Two weeks ago I attended the Cyber Security Summit, a gathering of the cyber tribe that took place here in NYC. Sure there were a few things I learned. Mobile apps are barely checked for security and privacy holes before they’re placed on virtual shelves in iTunes and Android Market. I also discovered that even among the cyber vendors who manned (and occasionally womanned) the panels, there are definite qualms in monitoring school age children’s social media stream–though they will and have sold their software to school districts.
Then during one panel discussion on social media, my eyebrows raised a few inches as I started hearing serious talk about a cyber reputation score, similar to a financial credit score, which would be given to all of us. Why do we need a CRS, you ask?
The “problem” faced by companies is that there are certain citizens of the web that are squatting on their Google page 1 results!
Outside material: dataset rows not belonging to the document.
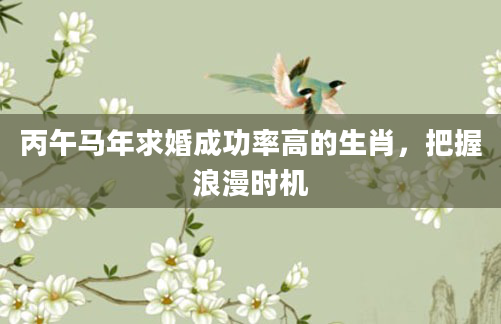 丙午马年求婚成功率高的生肖，把握浪漫时机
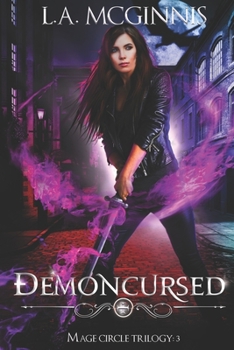 Demoncursed : Mage Circle Trilogy: 3 - Book #3 of the Mage Circle Trilogy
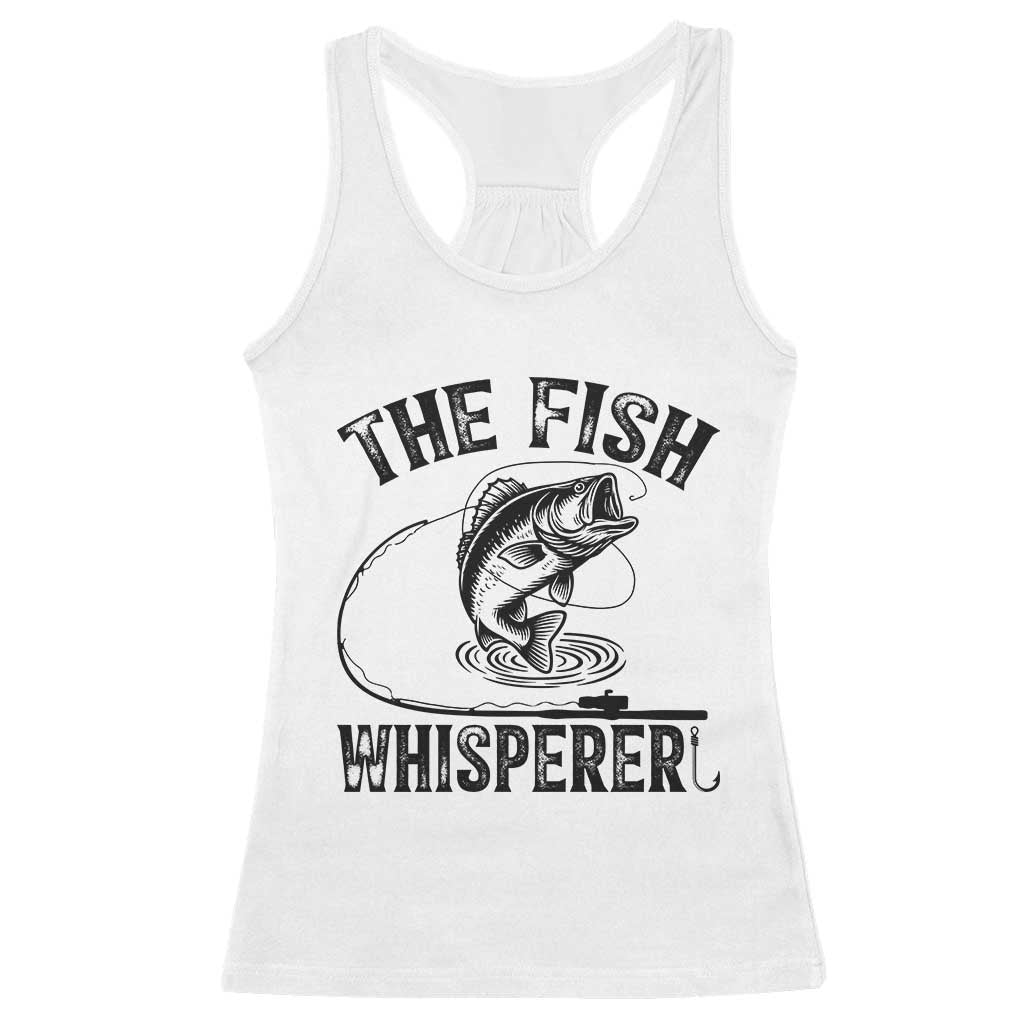 Funny The Fish Whisperer Racerback Tank Top Fishing Lover Angler Gift TS12 White Print Your Wear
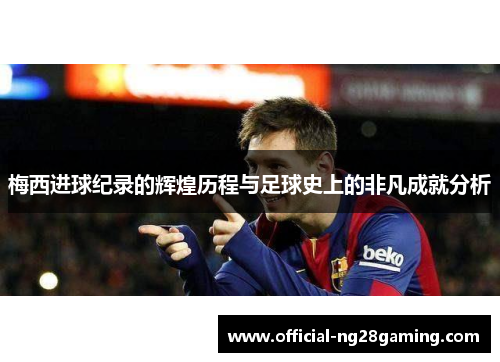 梅西进球纪录的辉煌历程与足球史上的非凡成就分析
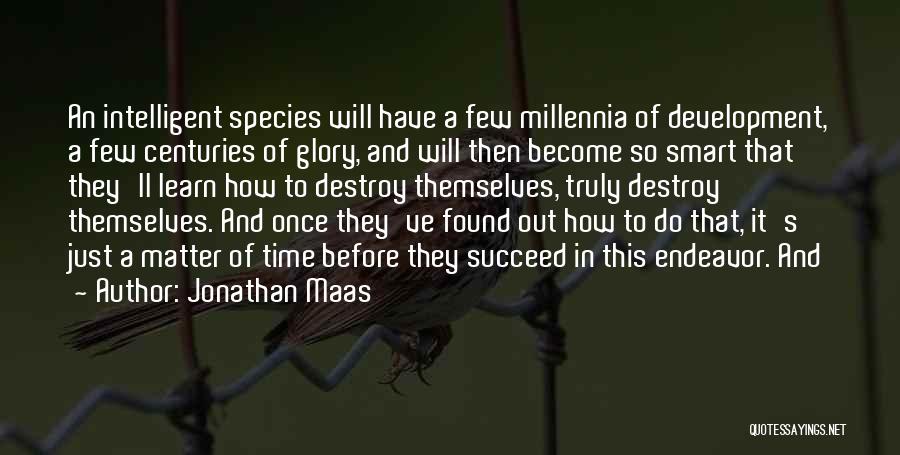 Jonathan Maas Quotes: An Intelligent Species Will Have A Few Millennia Of Development, A Few Centuries Of Glory, And Will Then Become So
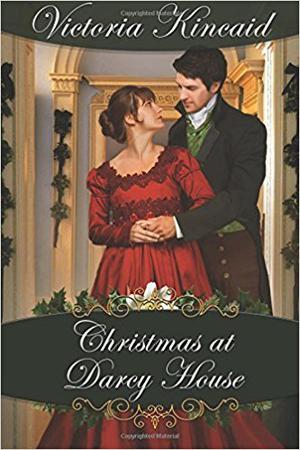 Christmas at Darcy House: A Pride and Prejudice Variation by Victoria Kincaid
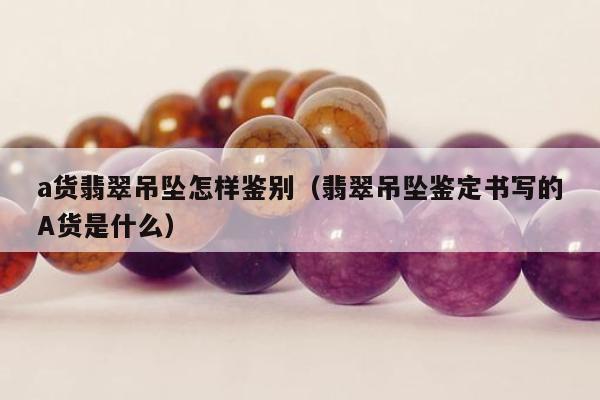 a货翡翠吊坠怎样鉴别（翡翠吊坠鉴定书写的A货是什么）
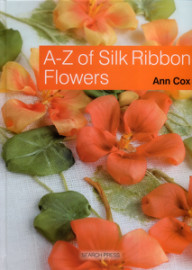 A-Z of Silk Ribbon Flowers - Ann Cox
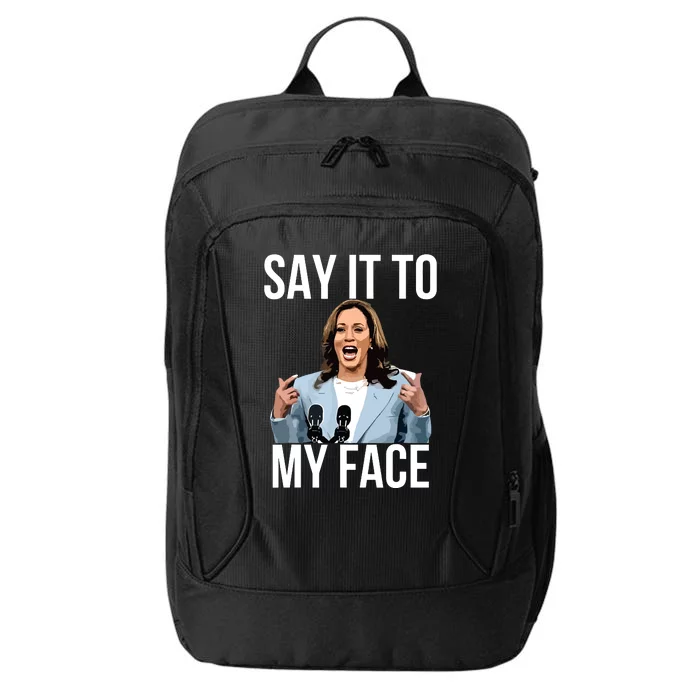 Say It To My Face Funny Kamalaharris Challenges Trump City Backpack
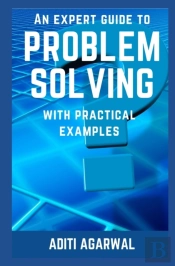 An Expert Guide To Problem Solving: With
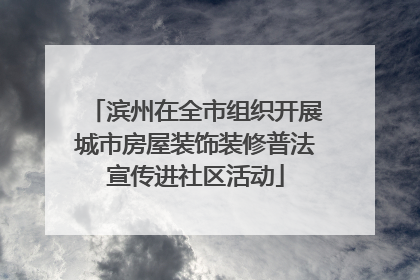 滨州在全市组织开展城市房屋装饰装修普法宣传进社区活动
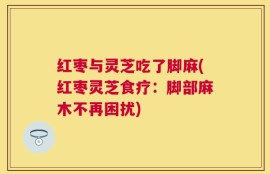 红枣与灵芝吃了脚麻(红枣灵芝食疗：脚部麻木不再困扰)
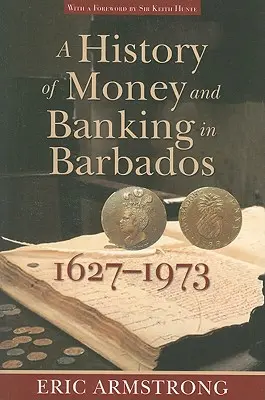 Dejiny peňazí a bankovníctva na Barbadose, 1627-1973 - A History of Money and Banking in Barbados, 1627-1973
And they are not allowing the company to get a uniform message across because–my fingers tremble as I type this–they have a different opinion than the spinmeisters of their marketing department!
So therefore these refuseniks need to be tracked, rated on their disobedience, and then employers can look them up in a central database, as they do with credit ratings, to decide whether they would be a good risk as a new hire. That’s the punishment part of the equation. To undo the damage that’s been wrought, there are also services that help clean a corporate reputation–removing inconsistent brand messages from search results.
Of course, there are legitimate reasons to manage “reputation” on the web or less odious reasons than others. But it strikes this blogger that Serge and Larry’s system to rate search results is pretty much doing what it’s intended to–get a truer sense of what’s important by effectively crowdsourcing rankings. It’s the free market of ideas at work! And, gasp, that means that there may be stuff said that wasn’t approved by PR.
If your worldview stopped around the time Don and Peggy were helping cigarette companies with their image problems, then the Interbooz is a major threat. And in that case, the social media session panelists at the Cyber Security Summit were making great business sense, no doubt, to the Montgomery Burns-types in the audience.
Yes, my hackles were raised by some of the memes radiating from this particular panel. Treating what is essentially a PR problem as a threat degrades the meaning of cyber security or more accurately morphs it into a Ministry of Truth operation.